Since I am not able to drum up any willpower unless I am faced with dire consequences, life finally stepped in and took over.  The angry face of prolonged hormonal issues coupled with an unhealthy lifestyle that was starting to span the better part of a decade when I was just barely of legal drinking age finally reared its head.  I was profoundly exhausted, depressed, and anxious almost all of the time.  Feeling lousy takes so much energy that I barely had any for other endeavors.  I still think it is no small miracle that I found myself a sangha of yoginis (including my wonderful teacher) and dedicated myself to intensive study that eventually blossomed into teacher training.

Once I started on that path, there was no stopping.  My entire being clearly had a powerful thirst for these teachings.  The spring of wisdom that I began to draw from has proven endlessly deep.  After twelve years of rolling out my mat on a semi-regular basis and six years of deep study, I finally have a regular practice that includes many tools to draw from depending on my need for that day.  Yoga allows me to look at the good, bad, and the ugly while maintaining compassion and understanding for myself – and others.  Have I achieved this mind state at all times?  Absolutely f*%^&ing not.  But when I can breathe through a tough emotion rather than mindlessly reacting to the situation at hand, I look back on my many years of practice and breathe a sigh of relief that I suffered a bit less thanks to the nourishment I find on a daily basis.

So yes, yoga is important to me.  But what do I mean by yoga?  Is it measured in sweat, in consecutive minutes in meditation, in pranayama rations or arm balance quotas?  For me, yoga is coming back to center.  If I am tired in the morning and don’t want to start the 203023742934 tasks facing me on the to-do list, I add a bit of extra vigor to my morning asanas.  If I’m too ramped up, I can dial down the physical intensity and focus more on soothing my nervous system with slow, flowing movements.  There are endless combinations of movement, intention, and focus that can soothe any moment.

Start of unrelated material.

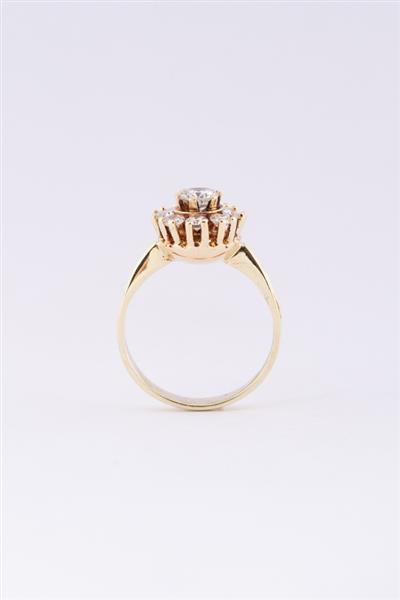 Grote foto gouden entourage ring met briljanten kleding dames sieraden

And then there is the breath.  Although awesome all by itself as an involuntary, life sustaining process, the breath itself can be transformative with the right focus.  Even better, it is portable, it is a handsfree device, and everyone has it.  The thing is, not everyone realizes how powerful this free technology can be.  Go ahead, try yours out:

Notice your breath without trying to change it (and when it changes anyway, that’s OK).

Notice the quality of the inhale.  Where in your body do you feel the breath coming in?

Notice the quality of the exhale.  What parts of your body react as the breath is moving out?

Take ten breaths like this, just noticing the ebb and flow.  Close your eyes if you like.

When you are done, notice if you feel differently now than you did ten breaths ago.

So far, this practice that helps me sink into the present moment – if for only a moment – is the best antidote I have for the stress of working full time and caring for a baby.  It’s the perfect reset button for any kind of day.